C’était l’homme parfait, une allégorie de la paix. Elie Wiesel
a tant analysé la complexité des rapports israélo-palestiniens, tant proposé,
et tant dit : « Je n’ai pas été entendu ». Samedi, à la Sorbonne, il a décliné la
proposition officielle de devenir chef de l’Etat d’Israël : « Oui, on
m’a proposé. J’ai dit non, tout simplement car je ne suis pas fait pour ça.
C’était très très flatteur de leur part, mais je ne suis qu’un écrivain »,
a-t-il répondu à Paul Amar. Honneur de la fonction, certes, mais plus
protocolaire qu’opérationnel : « Le président en Israël est une
autorité morale, mais c’est le gouvernement qui prend les décisions », et
ses fonctions sont « surtout honorifiques et représentatives ».
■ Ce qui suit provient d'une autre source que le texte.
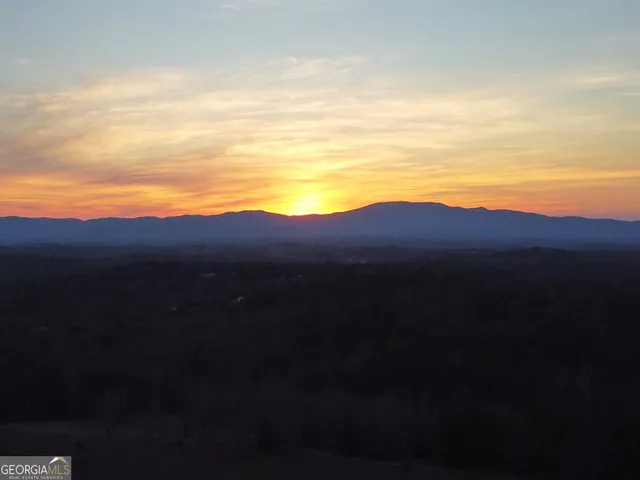 a view of ocean and mountain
En juin dernier il s’est exprimé dans L’express : « Je me suis battu toute ma vie d’adulte et,
souvent, j’éprouve un sentiment d’échec. J’ai remporté quelques victoires, aidé
les Juifs à sortir d’Union soviétique, sensibilisé à la mémoire de la Tragédie. C’est si
peu. Il faut faire plus. Nous devons faire plus. Le monde ne va pas bien. Je ne
lutte pas contre le mal, qui est toujours plus fort, mais contre l’indifférence
au mal. » Mais c’est à une forme de désespérance qu’il aboutit : « Les
leçons du XXe siècle n’ont pas été tirées. Nous avons essayé, mais elles n’ont
pas été reçues. Comme ce messager de Kafka qui n’arrive pas à délivrer son
message. »
Né en 1938 en Roumanie, Elie Wiesel est déporté à seize ans.
Libéré par les Américains, il fait ses études à la Sorbonne, reste en France
une dizaine d’années, émigre aux Etats-Unis. Il est citoyen américain depuis
1963. Le prix Nobel de la paix lui a été attribué en 1986.